A t-test is a statistical hypothesis test used to determine whether there is a significant difference between the means of one or two groups. It was developed by William Sealy Gosset, published under the pseudonym "Student" in 1908. T-tests are used when the population standard deviation is unknown and the sample size is small to moderate — they rely on the t-distribution rather than the normal distribution.

When should you use a t-test vs a z-test?

Use a t-test when the population standard deviation is unknown and you are estimating it from sample data. Use a z-test when the population standard deviation is known or the sample size is large (n > 30). In practice, t-tests are almost always used because population standard deviations are rarely known. For very large samples, the t-distribution and normal distribution converge, making the choice irrelevant.

What does the p-value mean in a t-test?

The p-value is the probability of observing a t-statistic at least as extreme as the one calculated, assuming the null hypothesis is true. A p-value of 0.03 means there is a 3% chance of seeing results this extreme by random chance if H₀ is true. The conventional threshold is α = 0.05: if p < 0.05, you reject the null hypothesis and call the result statistically significant. If p ≥ 0.05, you fail to reject H₀.

What is the difference between a one-tailed and two-tailed t-test?

A two-tailed test checks whether the means differ in either direction (H₁: μ ≠ μ₀). A one-tailed test checks for a difference in one specific direction — either greater (right-tailed: H₁: μ > μ₀) or less (left-tailed: H₁: μ < μ₀). Two-tailed tests are more conservative and more commonly used because researchers rarely know which direction a difference will occur. One-tailed tests have more statistical power but require strong prior justification.

What are degrees of freedom in a t-test?

Degrees of freedom (df) represent the number of independent pieces of information in the data. For a one-sample t-test, df = n − 1. For a two-sample Welch t-test, df is calculated using the Welch–Satterthwaite equation, which accounts for unequal variances between groups. Higher df moves the t-distribution closer to the normal distribution, making critical values smaller and p-values easier to achieve.

How do you interpret t-test results?

First check the p-value against your significance level (α, typically 0.05). If p < α, reject H₀ — the difference is statistically significant. Also examine the t-statistic: larger absolute values indicate larger differences relative to variability. Report the t-statistic, df, and p-value (e.g., t(28) = 2.45, p = 0.021). Statistical significance does not imply practical significance — always consider the effect size and context.

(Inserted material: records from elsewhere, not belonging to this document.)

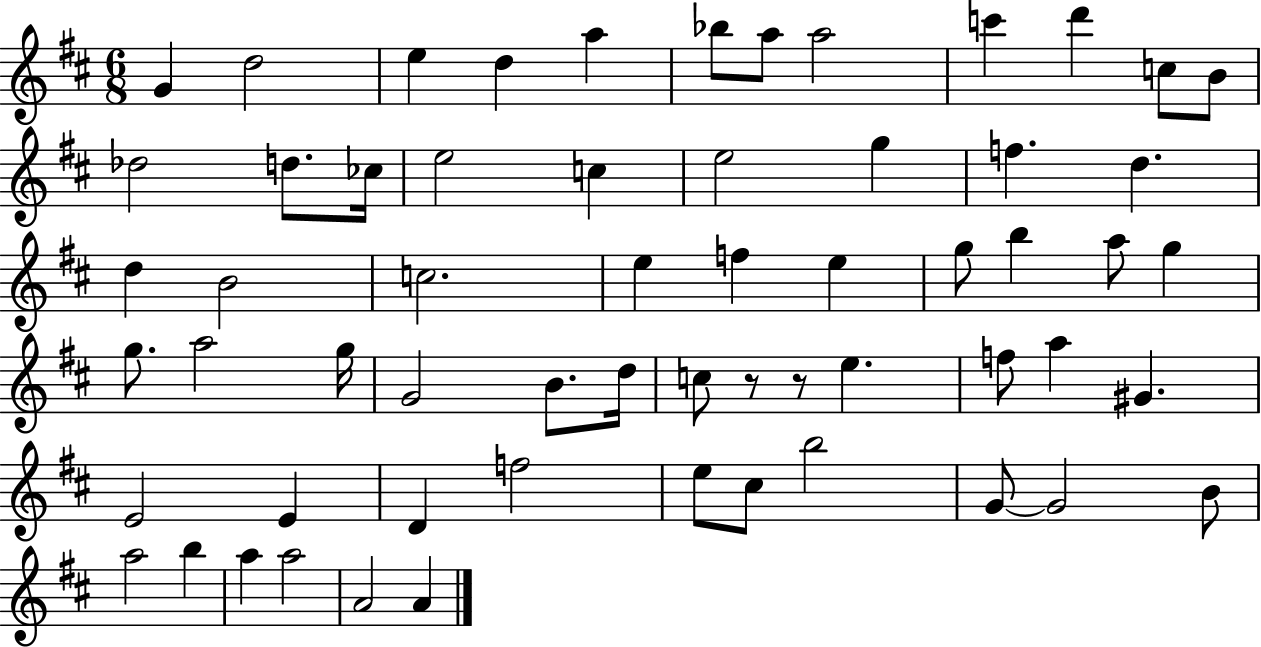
{
  \clef treble
  \numericTimeSignature
  \time 6/8
  \key d \major
  g'4 d''2 | e''4 d''4 a''4 | bes''8 a''8 a''2 | c'''4 d'''4 c''8 b'8 | \break des''2 d''8. ces''16 | e''2 c''4 | e''2 g''4 | f''4. d''4. | \break d''4 b'2 | c''2. | e''4 f''4 e''4 | g''8 b''4 a''8 g''4 | \break g''8. a''2 g''16 | g'2 b'8. d''16 | c''8 r8 r8 e''4. | f''8 a''4 gis'4. | \break e'2 e'4 | d'4 f''2 | e''8 cis''8 b''2 | g'8~~ g'2 b'8 | \break a''2 b''4 | a''4 a''2 | a'2 a'4 | \bar "|."
}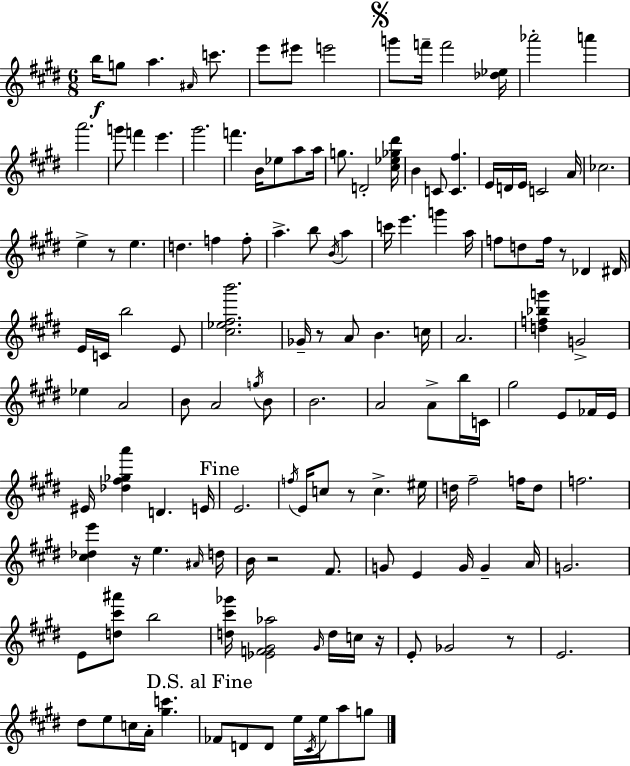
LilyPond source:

{
  \clef treble
  \numericTimeSignature
  \time 6/8
  \key e \major
  \repeat volta 2 { b''16\f g''8 a''4. \grace { ais'16 } c'''8. | e'''8 eis'''8 e'''2 | \mark \markup { \musicglyph "scripts.segno" } g'''8 f'''16-- f'''2 | <des'' ees''>16 aes'''2-. a'''4 | \break a'''2. | g'''8 f'''4 e'''4. | gis'''2. | f'''4. b'16 ees''8 a''8 | \break a''16 g''8. d'2-. | <cis'' ees'' ges'' dis'''>16 b'4 c'8 <c' fis''>4. | e'16 d'16 e'16 c'2 | a'16 ces''2. | \break e''4-> r8 e''4. | d''4. f''4 f''8-. | a''4.-> b''8 \acciaccatura { b'16 } a''4 | c'''16 e'''4. g'''4 | \break a''16 f''8 d''8 f''16 r8 des'4 | dis'16 e'16 c'16 b''2 | e'8 <cis'' ees'' fis'' b'''>2. | ges'16-- r8 a'8 b'4. | \break c''16 a'2. | <d'' f'' bes'' g'''>4 g'2-> | ees''4 a'2 | b'8 a'2 | \break \acciaccatura { g''16 } b'8 b'2. | a'2 a'8-> | b''16 c'16 gis''2 e'8 | fes'16 e'16 eis'16 <des'' fis'' ges'' a'''>4 d'4. | \break e'16 \mark "Fine" e'2. | \acciaccatura { f''16 } e'16 c''8 r8 c''4.-> | eis''16 d''16 fis''2-- | f''16 d''8 f''2. | \break <cis'' des'' e'''>4 r16 e''4. | \grace { ais'16 } d''16 b'16 r2 | fis'8. g'8 e'4 g'16 | g'4-- a'16 g'2. | \break e'8 <d'' cis''' ais'''>8 b''2 | <d'' cis''' ges'''>16 <ees' f' gis' aes''>2 | \grace { gis'16 } d''16 c''16 r16 e'8-. ges'2 | r8 e'2. | \break dis''8 e''8 c''16 a'16-. | <gis'' c'''>4. \mark "D.S. al Fine" fes'8 d'8 d'8 | e''16 \acciaccatura { cis'16 } e''16 a''8 g''8 } \bar "|."
}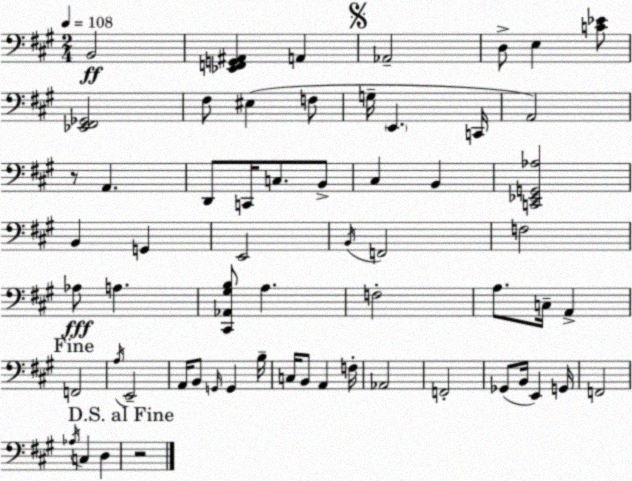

What are common real-world uses of t-tests?

T-tests are used across medicine, education, psychology, and business. In clinical trials, a one-sample t-test might compare a new drug's average effect to an established benchmark. A two-sample t-test is used in A/B testing to compare conversion rates between two versions of a webpage or email campaign. In education research, t-tests compare test score improvements between a control class and an experimental teaching method. In manufacturing quality control, they detect whether a production line's mean output has shifted from the target specification.

What is Cohen's d and why does it matter alongside the p-value?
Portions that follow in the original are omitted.